### WHAT THIS TASK INVOLVES
Below are the records; return exactly the lines from the one with "Vintage 1970s Metal" through the final line, both included, minus any pictures.

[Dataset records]
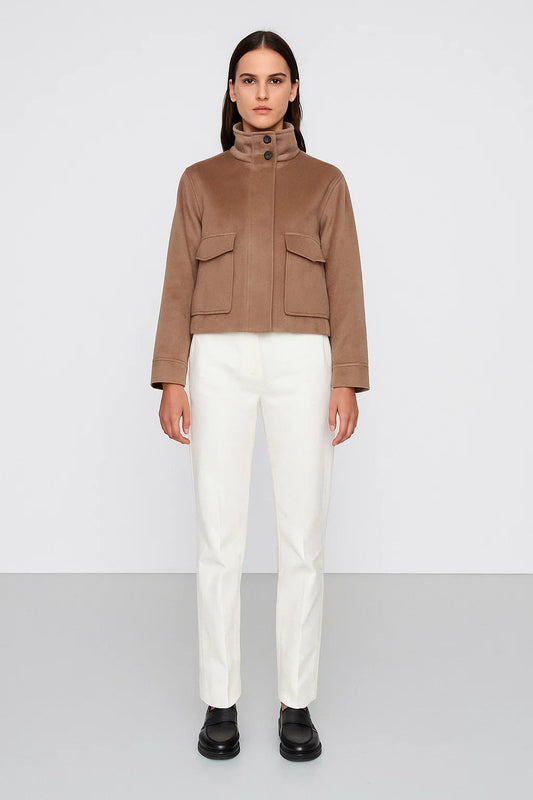 Veste Courte Femme | Mélange Laine Et Polyester | Élégante Avec Col Montant Pour L’Hiver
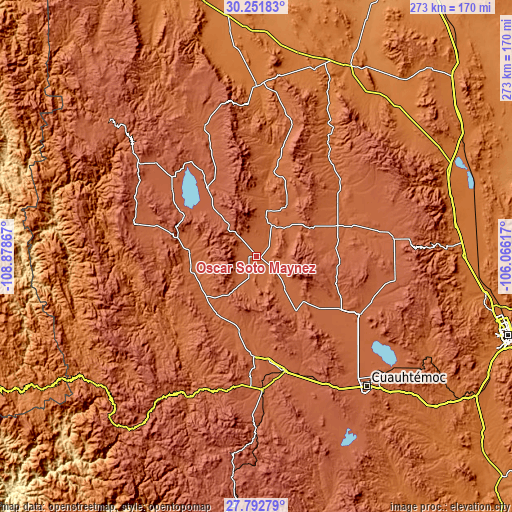 Topographic map of Oscar Soto Maynez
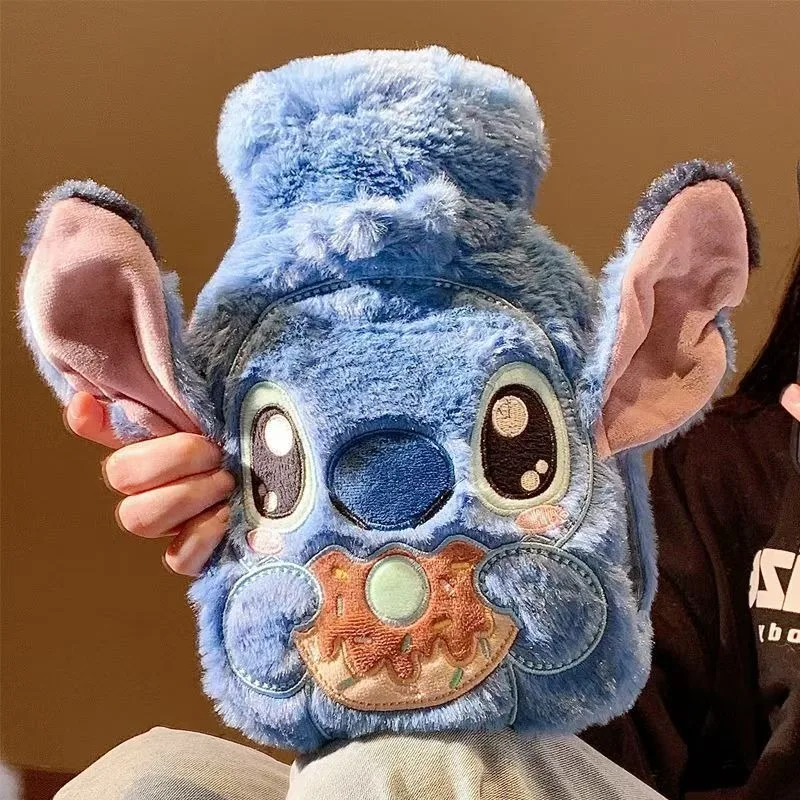 زجاجة مياه ساخنة جديدة من ديزني ستيتش مع جيب يدوي، كيس ماء ساخن مبتكر عالي الجودة مطبوع عليه رسوم كرتونية حقن بالماء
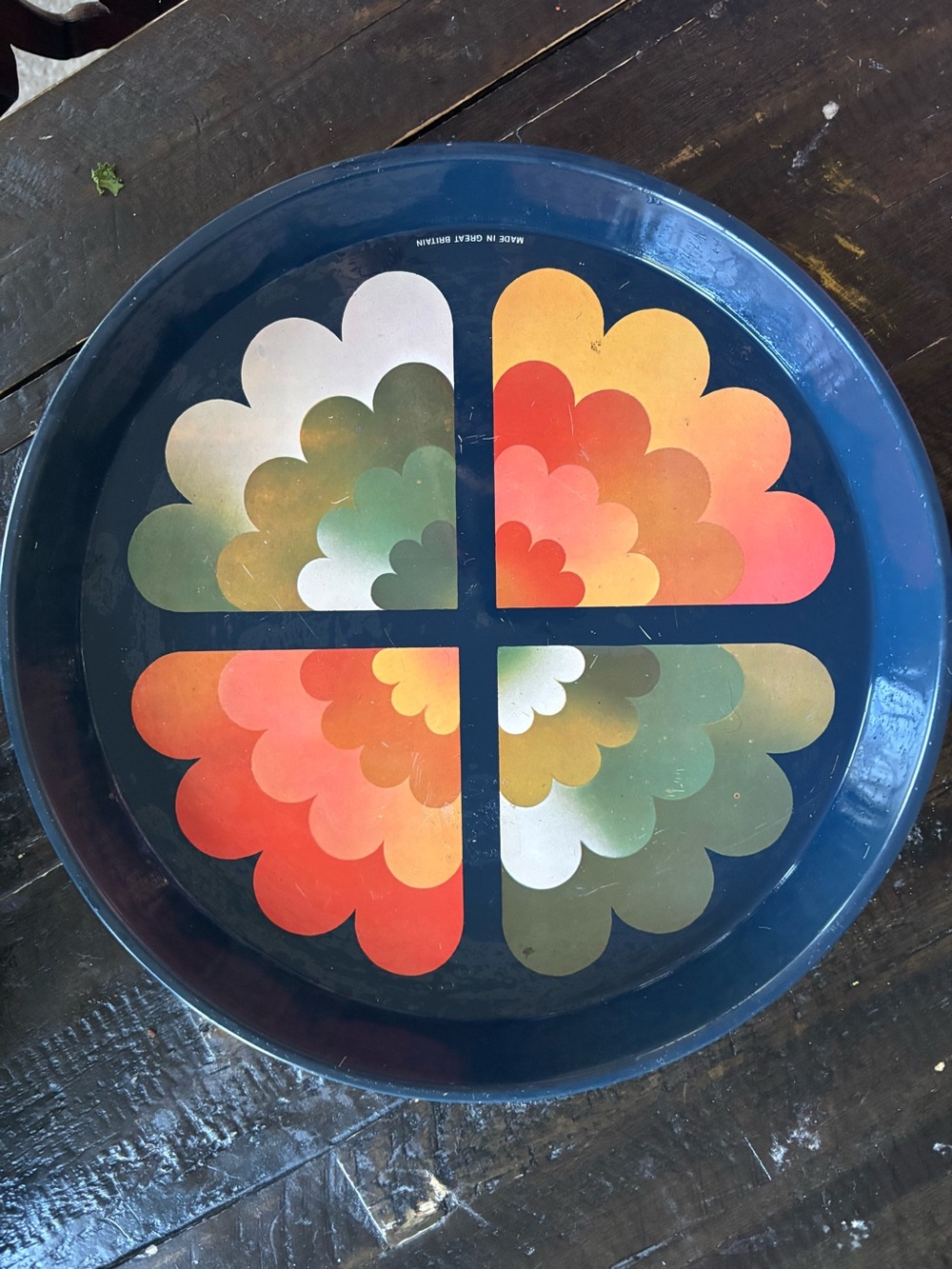 Vintage 1970s Metal Serving Tray Made In Great Britain Retro Space Age Mod Boho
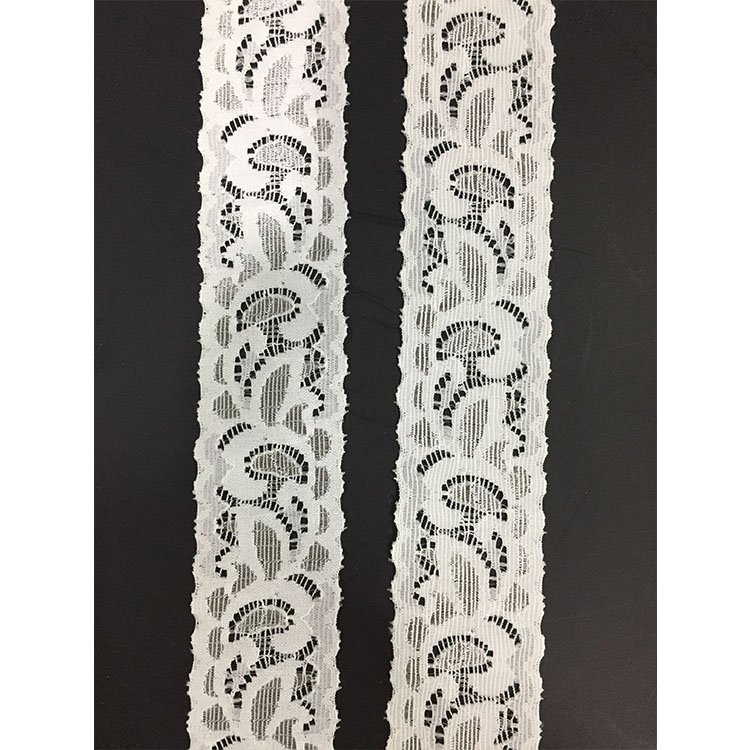 3.5cm simple design decorative white cheap elastic lace trim for bead 1.4 inch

### THE COMPLETED TASK
 Vintage 1970s Metal Serving Tray Made In Great Britain Retro Space Age Mod Boho
 3.5cm simple design decorative white cheap elastic lace trim for bead 1.4 inch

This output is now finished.